With the Democrats controlling the White House and the Senate and the Republicans holding onto the House of Representatives, major policy initiatives by Biden are likely to slow to a near complete stop. 

Ambitious plans that can alter the economy for years to come like jobs or infrastructure acts or changes to the tax code require support of both chambers of government.  

With that not possible in this current political environment, changes to fiscal policy will center around: 

  • Passing yearly budgets 
  • The President allocating funding in a way he sees fit to address his economic goals 

These limitations means that the President and Congress can do little if anything to change the trajectory of the economy over the next two years. 

That said, there really isn’t a whole lot these bodies can do to impact inflation. To that, it’s mostly up to the central bank to adjust interest rates, which as we wrote about, is where most of the focus is at. 

For now, the global economy’s future seems to lay in the hands of those outside of the US. Which, on that, brings us to Europe. 

If you’re not fully up to speed on how the US elects its representatives, every two years, all members of the lower House of Representatives are up for reelection. At the same time, roughly ⅓ of the 100 member upper chamber Senate seats are up for grabs. This election happens in between presidential ones which are every four years.   

Europe’s mild start to Fall, floating LNG reserves and inflation concerns

Europe continues to diverge economically from its North American peers, mainly due to its exposure to Russia’s war of aggression in Ukraine.

It’s been no secret that our Achilles’ heel is our overdependence on Russian natural gas, and, going into winter, there were dire concerns we’d run out.  “Thankfully,” climate change has had our backs on this one as October was the warmest one on record

Due to the unseasonably-mild start of Fall, Europeans didn’t need to heat their homes. That, in turn, caused demand and prices to drop, while enabling reserves to remain full. 

At the same time, the amount of available gas for us on the eastern side of the Atlantic continues to grow.  Since September, supertankers filled with liquid natural gas have started parking off the coast, waiting to be offloaded during the winter. As of late last month, the number of these vessels hit a new record

Not enough ports available

The problem, though, is that Europe doesn’t yet have the capacity to take in these deliveries due to a lack of infrastructure (most of our gas came from pipelines originating in Russia).  While there’s a massive rush to build these facilities (Germany just completed one in 200 days), it’s far from enough to fully replace Russia’s lost capacity this year. 

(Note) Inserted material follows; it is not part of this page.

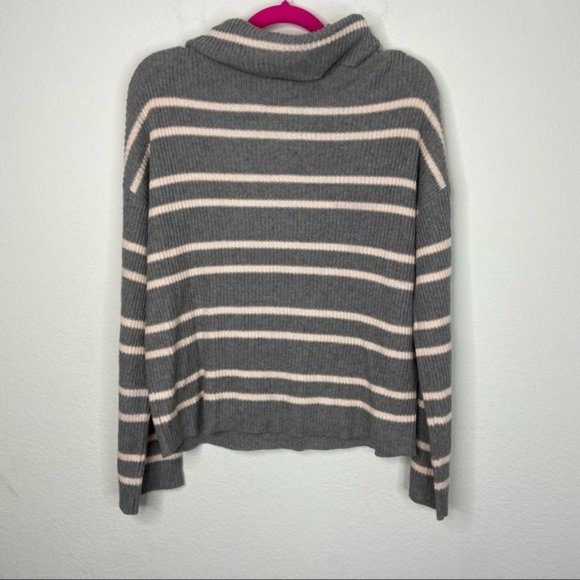 Abound Gray Boone Stripe Heather Turtleneck Sweater Size M NWT - Picture 4 of 8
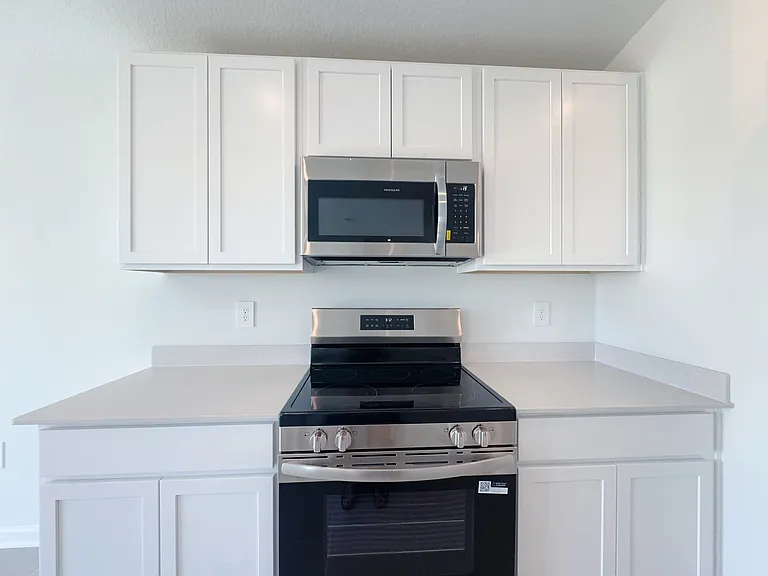 2362 McKinley Dr — Photo 7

To make matters worse, diesel is getting more expensive. Not only has there been a global production shortage, but from early next year, EU imports of Russian diesel will stop

Diesel is an understated driver of economic activity. Pretty much everything you touch and own came from a truck. With lorries both acting as the backbone of the economy and being diesel-powered, price increases of this crucial fuel will only add to inflation. 

Here in Europe, we’re already starting to see higher fuel and energy prices rear their ugly heads. Eurozone inflation continues to climb, hitting 10.6% for October. (Notably, here in Spain inflation is cooling off; driven largely by energy saving measures and other interventions).